From the line holding "Vue macro de" through the line holding "Mandira Wirk_Red Satin" below, write out every line exactly; include both of those lines and drop the pictures.

(Web page caption snippets)
☆ ☆ ☆

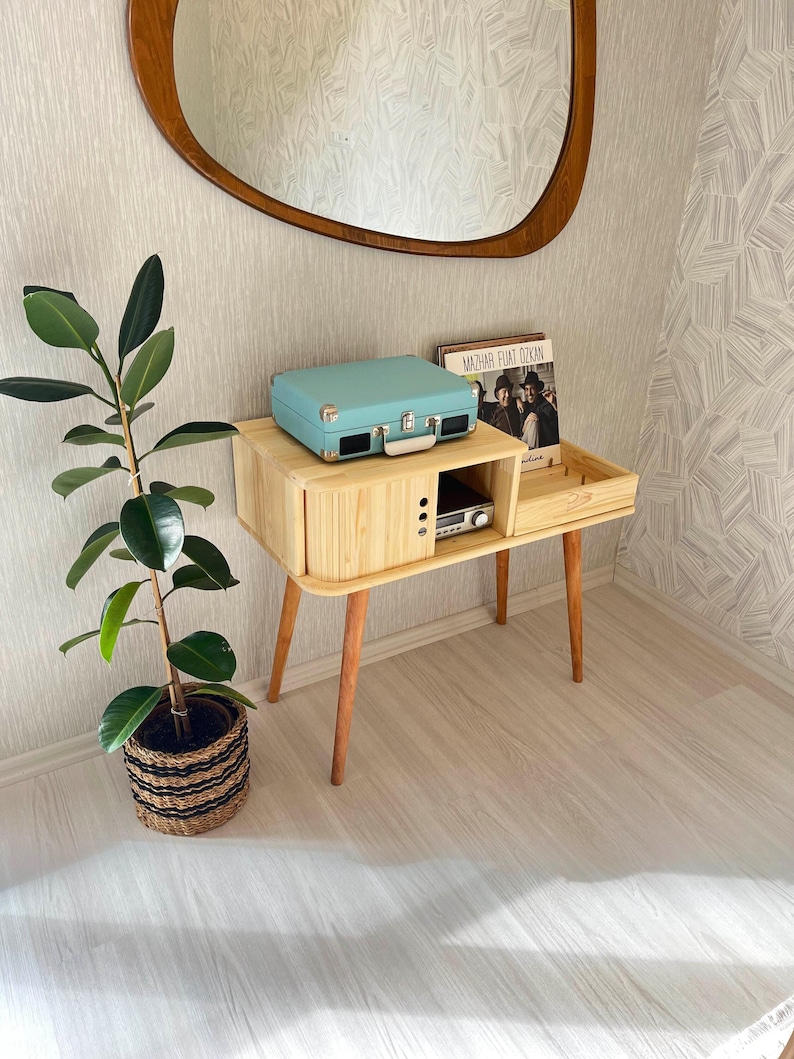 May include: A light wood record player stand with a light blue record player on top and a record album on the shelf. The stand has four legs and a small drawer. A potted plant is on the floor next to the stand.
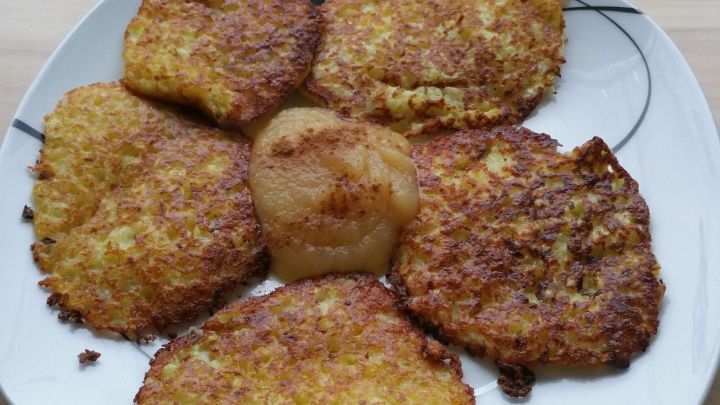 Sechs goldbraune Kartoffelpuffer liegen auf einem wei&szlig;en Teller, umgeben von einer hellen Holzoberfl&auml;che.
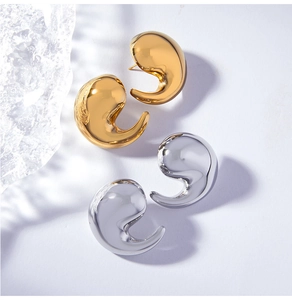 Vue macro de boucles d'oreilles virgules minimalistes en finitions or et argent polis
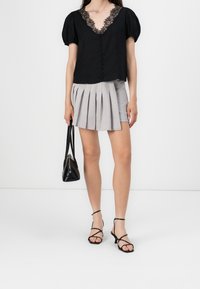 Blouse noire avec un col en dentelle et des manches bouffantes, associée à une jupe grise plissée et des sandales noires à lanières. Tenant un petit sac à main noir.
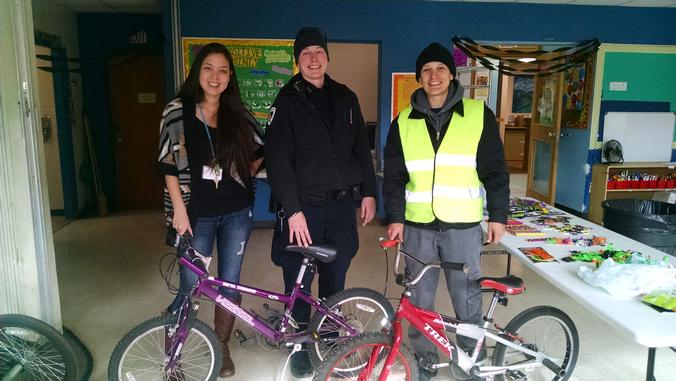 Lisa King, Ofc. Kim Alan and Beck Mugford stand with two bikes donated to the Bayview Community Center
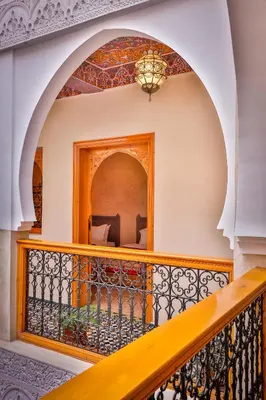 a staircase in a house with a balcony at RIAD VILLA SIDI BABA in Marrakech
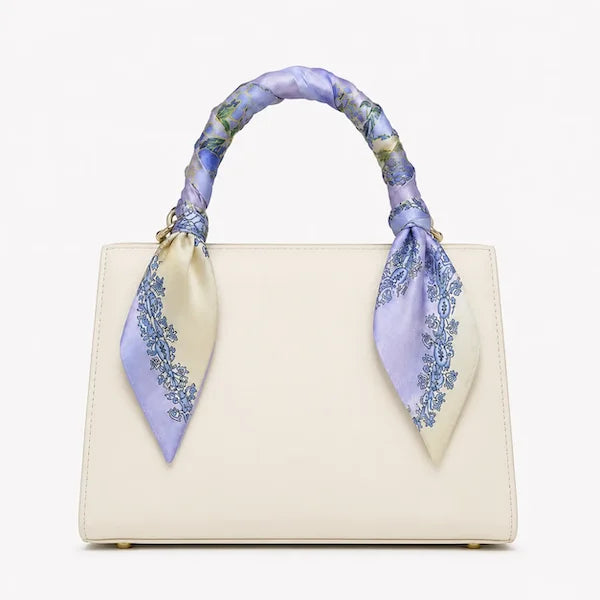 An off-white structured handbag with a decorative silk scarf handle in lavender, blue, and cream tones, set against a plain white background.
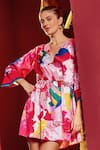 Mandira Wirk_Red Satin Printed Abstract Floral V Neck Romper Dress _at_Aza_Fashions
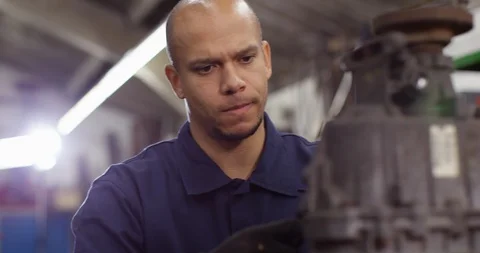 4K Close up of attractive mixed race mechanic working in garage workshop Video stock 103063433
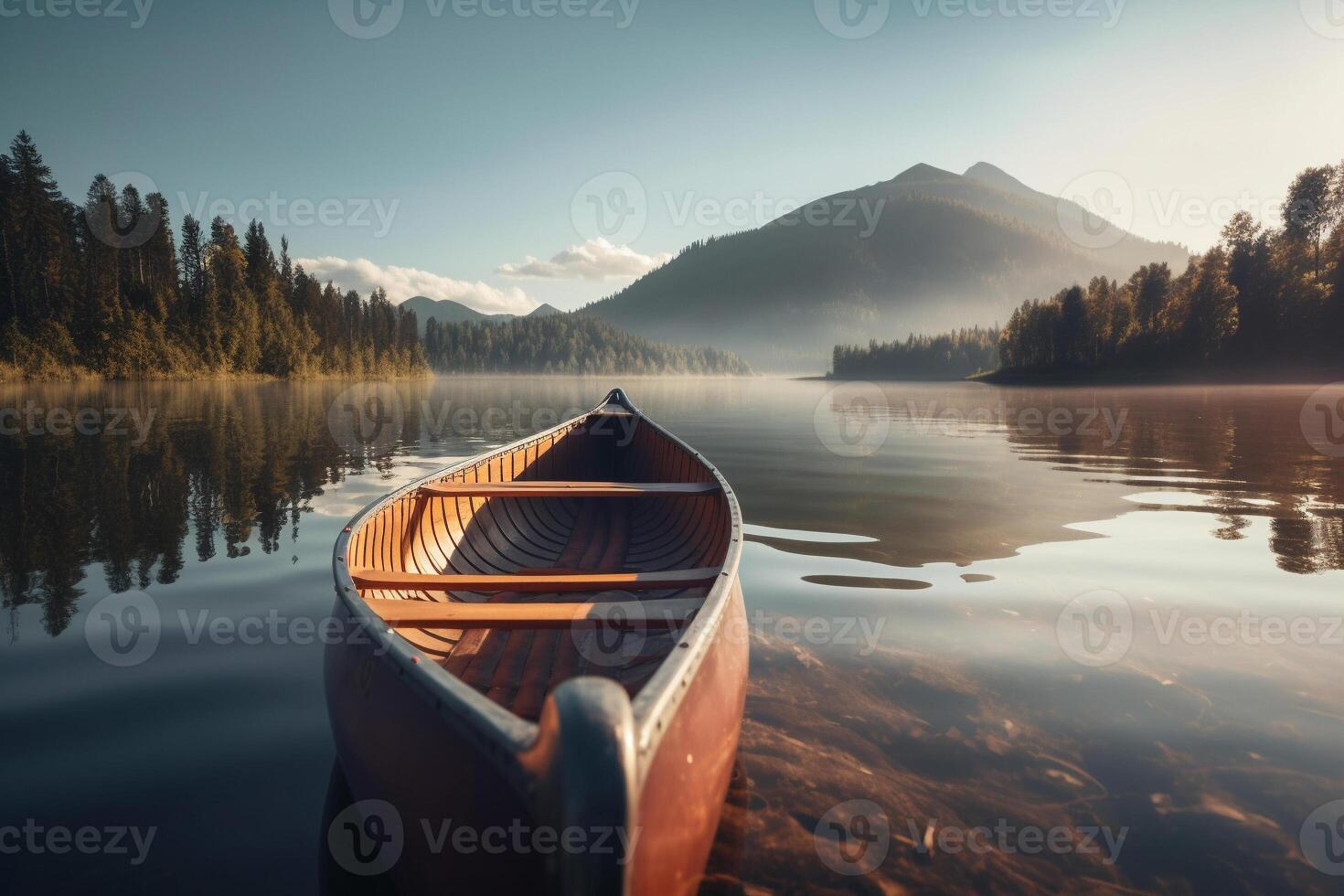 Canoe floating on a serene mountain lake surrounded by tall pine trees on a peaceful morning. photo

☆ ☆ ☆

### Output
 Vue macro de boucles d'oreilles virgules minimalistes en finitions or et argent polis
 Blouse noire avec un col en dentelle et des manches bouffantes, associée à une jupe grise plissée et des sandales noires à lanières. Tenant un petit sac à main noir.
 Lisa King, Ofc. Kim Alan and Beck Mugford stand with two bikes donated to the Bayview Community Center
 a staircase in a house with a balcony at RIAD VILLA SIDI BABA in Marrakech
 An off-white structured handbag with a decorative silk scarf handle in lavender, blue, and cream tones, set against a plain white background.
 Mandira Wirk_Red Satin Printed Abstract Floral V Neck Romper Dress _at_Aza_Fashions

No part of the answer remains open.